Results 1 to 4 of 4

Thread: PCRE match hyphens between HTML tags, but not javascript or CSS

  1. #1
    Join Date
    Jan 2007
    Location
    Davenport, Iowa
    Posts
    2,211
    Thanks
    96
    Thanked 101 Times in 99 Posts

    Default PCRE match hyphens between HTML tags, but not javascript or CSS

    I am trying to create a PCRE that will replace all of the hyphens in a document unless it is javascript or CSS or in an url, div, span tags.

    I have tried many different things and have discovered so many "anomalies" in PCRE that I don't really know where to begin, but many of my questions would probably be better put into separate threads.

    Here is the test script I am using:

    Code:
    <?php
    $text="-te-st-te-st-";
    $text=preg_replace('/(.*?)(st.*?te)(.*?)/es',"str_replace('-','&ndash;','$1$3')",$text);
    echo "$text";
    ?>
    In the above I am attempting to change all of the hyphens to short HTML dashes unless they are located between "st" and "te". The string might also be in the form of "-te-yy-st-" where all of the hyphens would be replaced or "-pstp --- kktep--p-" where the three hyphens in a row would not be replaced, because they are between "st" and "te".


    Here is some actual code/text I would like to test against:



    Code:
    <style type="text/css">
    .q
    {
    font-family:courier;
    border-style: solid;
    border-width: 3px;
    border-color: #525252;
    padding-left:25px; 
    padding-right:25px;
    PADDING-TOP:20px;
    PADDING-BOTTOM:20px;
    color:#ffffff;
    background:#434343;
    margin: 12px 80px 12px 40px;
    }
    </style>
    <form name="count">
    <input type="text" size="69" name="count2">
    </form>
    
    
    <script>
    
    /*
    Count down until any date script-
    By JavaScript Kit (www.javascriptkit.com)
    Over 200+ free scripts here!
    */
    
    
    //change the text below to reflect your own,
    var before="Christmas!"
    var current="Today is Christmas.

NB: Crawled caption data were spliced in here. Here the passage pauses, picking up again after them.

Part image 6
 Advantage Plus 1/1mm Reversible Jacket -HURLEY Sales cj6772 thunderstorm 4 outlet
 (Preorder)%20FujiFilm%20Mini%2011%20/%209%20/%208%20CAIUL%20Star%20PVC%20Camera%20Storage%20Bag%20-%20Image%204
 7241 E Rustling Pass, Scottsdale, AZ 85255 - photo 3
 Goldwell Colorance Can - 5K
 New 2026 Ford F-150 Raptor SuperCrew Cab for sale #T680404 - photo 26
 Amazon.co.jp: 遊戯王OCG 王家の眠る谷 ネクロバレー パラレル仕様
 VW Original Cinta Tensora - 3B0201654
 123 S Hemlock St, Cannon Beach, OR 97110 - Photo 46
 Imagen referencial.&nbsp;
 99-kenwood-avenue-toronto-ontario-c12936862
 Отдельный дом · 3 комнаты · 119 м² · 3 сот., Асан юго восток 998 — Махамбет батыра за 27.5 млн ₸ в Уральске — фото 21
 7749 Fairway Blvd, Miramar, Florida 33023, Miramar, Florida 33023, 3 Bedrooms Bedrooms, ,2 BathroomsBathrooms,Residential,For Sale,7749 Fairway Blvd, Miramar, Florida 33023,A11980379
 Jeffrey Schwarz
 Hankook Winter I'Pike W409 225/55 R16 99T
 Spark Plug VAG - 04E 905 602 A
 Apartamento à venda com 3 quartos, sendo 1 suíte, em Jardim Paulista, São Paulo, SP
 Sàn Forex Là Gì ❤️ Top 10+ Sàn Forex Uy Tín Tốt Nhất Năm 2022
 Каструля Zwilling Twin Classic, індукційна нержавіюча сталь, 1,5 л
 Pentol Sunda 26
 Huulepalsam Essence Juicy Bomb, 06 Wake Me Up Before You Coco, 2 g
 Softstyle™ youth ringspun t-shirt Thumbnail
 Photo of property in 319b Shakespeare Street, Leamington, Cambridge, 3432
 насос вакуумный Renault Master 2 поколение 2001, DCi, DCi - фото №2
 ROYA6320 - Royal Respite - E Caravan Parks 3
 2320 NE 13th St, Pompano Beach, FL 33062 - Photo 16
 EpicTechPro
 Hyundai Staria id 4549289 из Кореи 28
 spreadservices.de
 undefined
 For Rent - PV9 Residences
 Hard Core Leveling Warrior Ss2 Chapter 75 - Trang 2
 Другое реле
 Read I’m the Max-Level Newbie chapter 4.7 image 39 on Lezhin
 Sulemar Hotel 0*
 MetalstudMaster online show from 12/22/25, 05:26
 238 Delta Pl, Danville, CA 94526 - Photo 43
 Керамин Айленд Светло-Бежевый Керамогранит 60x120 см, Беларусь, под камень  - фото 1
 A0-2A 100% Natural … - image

Merry Christmas!"
    var montharray=new Array("Jan","Feb","Mar","Apr","May","Jun","Jul","Aug","Sep","Oct","Nov","Dec")
    
    function countdown(yr,m,d){
    theyear=yr;themonth=m;theday=d
    var today=new Date()
    var todayy=today.getYear()
    if (todayy < 1000)
    todayy+=1900
    var todaym=today.getMonth()
    var todayd=today.getDate()
    var todayh=today.getHours()
    var todaymin=today.getMinutes()
    var todaysec=today.getSeconds()
    var todaystring=montharray[todaym]+" "+todayd+", "+todayy+" "+todayh+":"+todaymin+":"+todaysec
    futurestring=montharray[m-1]+" "+d+", "+yr
    dd=Date.parse(futurestring)-Date.parse(todaystring)
    dday=Math.floor(dd/(60*60*1000*24)*1)
    dhour=Math.floor((dd%(60*60*1000*24))/(60*60*1000)*1)
    dmin=Math.floor(((dd%(60*60*1000*24))%(60*60*1000))/(60*1000)*1)
    dsec=Math.floor((((dd%(60*60*1000*24))%(60*60*1000))%(60*1000))/1000*1)
    if(dday==0&&dhour==0&&dmin==0&&dsec==1){
    document.forms.count.count2.value=current
    return
    }
    else
    document.forms.count.count2.value="Only "+dday+ " days, "+dhour+" hours, "+dmin+" minutes, and "+dsec+" seconds left until "+before
    setTimeout("countdown(theyear,themonth,theday)",1000)
    }
    //enter the count down date using the format year/month/day
    countdown(2002,12,25)
    </script>
    <p align="center"><font face="arial" size="-2">This free script provided by</font><br>
    <font face="arial, helvetica" size="-2"><a href="http://javascriptkit.com">JavaScript
    Kit</a></font></p>
    <div class='q'><a href="http://www.marvel.com/universe/X-23">X-23</a> is a new character in the <span style="background-color:tan;">Marvel universe</span></div>

    Edit: I reformatted this post to give better examples and to clarify what I am looking for.
    Last edited by james438; 02-15-2010 at 06:24 AM. Reason: resolved and renamed thread title
    To choose the lesser of two evils is still to choose evil. My personal site

  2. #2
    Join Date
    Jan 2007
    Location
    Davenport, Iowa
    Posts
    2,211
    Thanks
    96
    Thanked 101 Times in 99 Posts

    Default

    I talked with a lady at regexadvice and she helped to correct one or two of my misunderstandings about PCRE and also set me thinking in new directions. Here is what I have so far:

    PHP Code:
    $text=preg_replace("/-(?!((?!\/script|\style).)*\/script>|\/style)/is""&ndash;"$text);
    $text=preg_replace('/&ndash;(?=(.*?>))/',"-",$text); 
    Last edited by james438; 02-10-2010 at 12:47 AM.
    To choose the lesser of two evils is still to choose evil. My personal site

  3. #3
    Join Date
    Jan 2007
    Location
    Davenport, Iowa
    Posts
    2,211
    Thanks
    96
    Thanked 101 Times in 99 Posts

    Default

    Here is what I have thus far.

    PHP Code:
    $text=preg_replace("/-(?!((?!<\/?(script|style|a)\b).)*(<\/(script|style|a>)))/is","&ndash;",$text); 
    It will replace all of the hyphens in a string while avoiding those within a style or script or hyperlink. Inline scripting such as <span style=font-size:24px;>x-x</span> will produce <span style=fontdash;size:24px;>xdash;x</span> which is a bit of a problem, but is easily fixed with class as opposed to inline scripting. I suspect that the script would also match against img src="/x-x.jpg"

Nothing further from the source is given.